### ASSIGNMENT
Since the pictures are not wanted, reproduce only the rest of the records, exactly as given.

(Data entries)
_ _ _ _ _ _ _
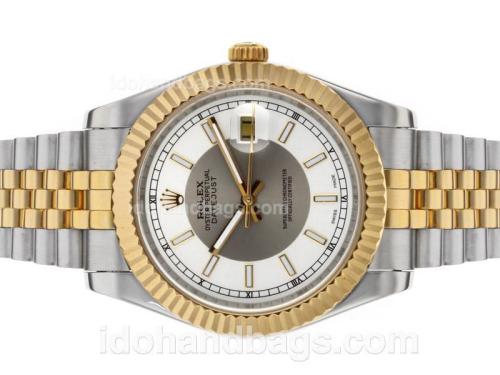 Rolex Datejust II Automatic Two Tone Stick Markers with Gray/White Dial 48532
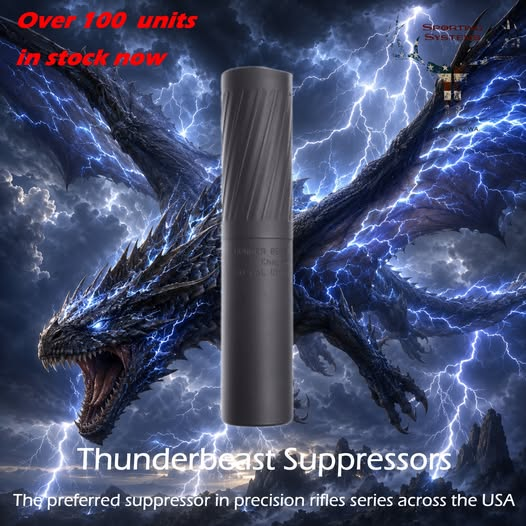 SportingSystems's tweet photo. We are bursting at the seams with Thunderbeast suppressors.  With factory lead times from 12-18 months...we order big.    A huge load just landed and despite getting 100 of them, they will go fast.
Fly9 9mm and more
Fly45 45acp and more
Ultra 5 .30
Ultra 7 6.5/.30
Ultra 9 6.5/.30
Ultra 338
Magnus RR
The best suppressor, used by more shooters in precision rifles series across the USA than any other brand.  Lightweight.  Zero point of impact shift.   Superior sound suppression.
We don't just talk about them, we shoot them ourselves.
Come see us today, call or email.    We routinely ship these out across the country, so this load won't last long.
_ _ _ _ _ _ _
### TASK OUTPUT
 Rolex Datejust II Automatic Two Tone Stick Markers with Gray/White Dial 48532
 SportingSystems's tweet photo. We are bursting at the seams with Thunderbeast suppressors.  With factory lead times from 12-18 months...we order big.    A huge load just landed and despite getting 100 of them, they will go fast.
Fly9 9mm and more
Fly45 45acp and more
Ultra 5 .30
Ultra 7 6.5/.30
Ultra 9 6.5/.30
Ultra 338
Magnus RR
The best suppressor, used by more shooters in precision rifles series across the USA than any other brand.  Lightweight.  Zero point of impact shift.   Superior sound suppression.
We don't just talk about them, we shoot them ourselves.
Come see us today, call or email.    We routinely ship these out across the country, so this load won't last long.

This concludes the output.